Para el 2006, el PRI debió tomar en serio la receta de Cosío Villegas en 1976, cuando recomendaba a ese partido inventar un candidato. Era difícil hacerlo, porque el carácter monopólico del PRI favorecía la obediencia, no la competencia, condición esencial para la aparición de líderes. El que el PRI no pudiera inventar entonces un candidato mejor costó al país la quiebra económica en 1976. El no inventarlo en 2005 podría ser su error terminal y costarle no sólo la presidencia, sino una escisión mucho más grave que la del sindicato de maestros: un desgajamiento histórico hacia el PRD. No es imposible que ése fuera el desenlace tras una nueva victoria del PAN (que intentaría detener la división invitando al PRI a participar en el gobierno), pero ocurriría con mayor probabilidad en el caso de un avance irresistible de López Obrador en las encuestas. La trayectoria de Cárdenas, Muñoz Ledo y López Obrador, que luego siguieron Manuel Camacho y otros priistas conspicuos, se volvería un fenómeno generalizado. Se cumpliría así la profecía que en 1989 le escuché a Gabriel Zaid: "los perredistas se salieron del PRI, para quedarse con el PRI."

Hay otro escenario de derrota frente al PRD: las bases del PRI y sus dirigentes entienden las graves implicaciones de su escisión y la evitan; la fuerza de sus gobernadores y sus bancadas constituye, junto con el PAN, un valladar a cualquier reconstitución del monopolio político; estaríamos en un cuadro difícil, comprometido, pero más maduro. Colocado en la posición que ahora ha tenido Fox, un López Obrador radical (que es una de sus posibilidades) tendría que flexibilizar sus posiciones y negociar, como no ha tenido que hacerlo en el gobierno de la ciudad de México.

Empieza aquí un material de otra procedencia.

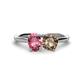 1 - Tanya Oval Shape Pink Tourmaline & Cushion Shape Smoky Quartz 2 Stone Duo Ring 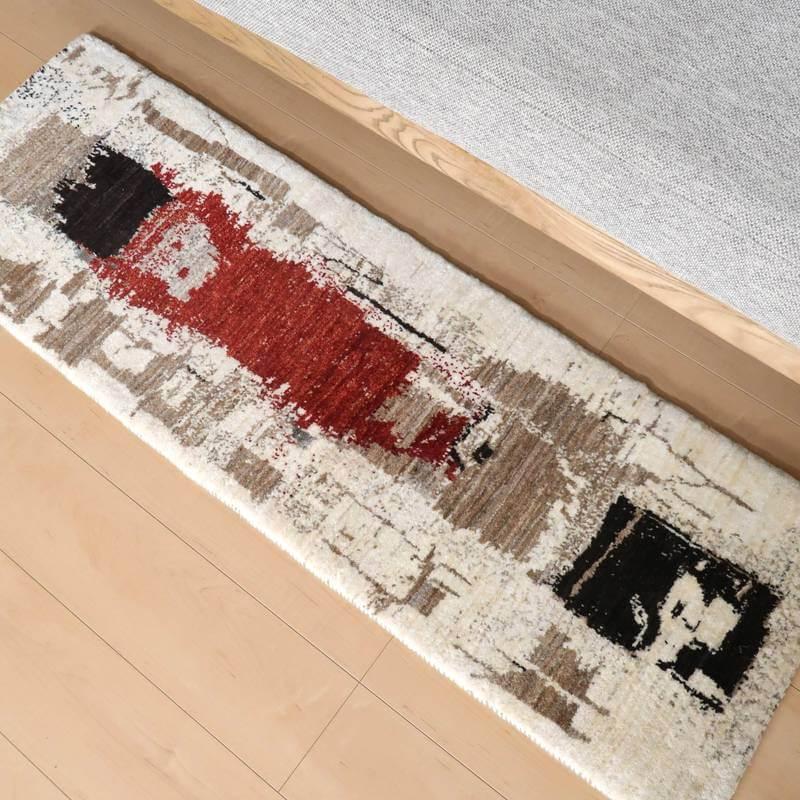 プレミアムギャッベ／ホシナマイ（ルリバフ） 142×47cm イラン産 手織り 細長ランナーサイズ ウール ラグ 天然素材 ラグマット (HR10928） HR10928オリエンタル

Pero los escenarios de victoria también existen, y no son ilusorios. Si el temor a un eventual gobierno radical del PRD se generaliza, el PRI puede parecer ante el electorado como un mal menor. Es posible que cuente, además, con el "voto duro" que pregona, y que ese voto lo lleve de nuevo a Los Pinos. Si además obtiene los escaños suficientes en las Cámaras, podría ofrecer al PAN (que, por su larga tradición, no se desgajaría ante la derrota) un arreglo similar al de la época de Salinas, pero ahora sí legítimo, en la medida en que el contexto democrático permite y aun exige la negociación legislativa. El arreglo podría incluir también una participación del PAN en el gabinete. Para ser todavía más eficaz, y para disolver definitivamente los peligros de discordia, la oferta debería extenderse de inmediato al PRD. Así se integraría un gobierno de unidad nacional, que daría al país un respiro de seis años para que se serene y pueda debatir y resolver, en un clima de concordia, los grandes temas nacionales.

El PRI y el PAN podrían quizá pactar esa convivencia, pero es dudoso que, llegado el momento, el PRI tienda un puente de plata al PRD, y más dudoso aún que éste lo acepte. De sobrevenir la derrota del PRD, algunas de sus tribus y caudillos tendrán quizá la tentación de volver a su historia predemocrática. Y ante ese desafío, el PRI podría volver a la suya: la "mano dura." Correríamos el riesgo de regresar a los tiempos de Díaz Ordaz y Echeverría: discordia sin democracia. Para conjurarlo necesitamos que todo el proceso, desde ahora hasta el 10 de diciembre, sea impecable. La democracia mexicana debe ser como una urna de cristal, transparente.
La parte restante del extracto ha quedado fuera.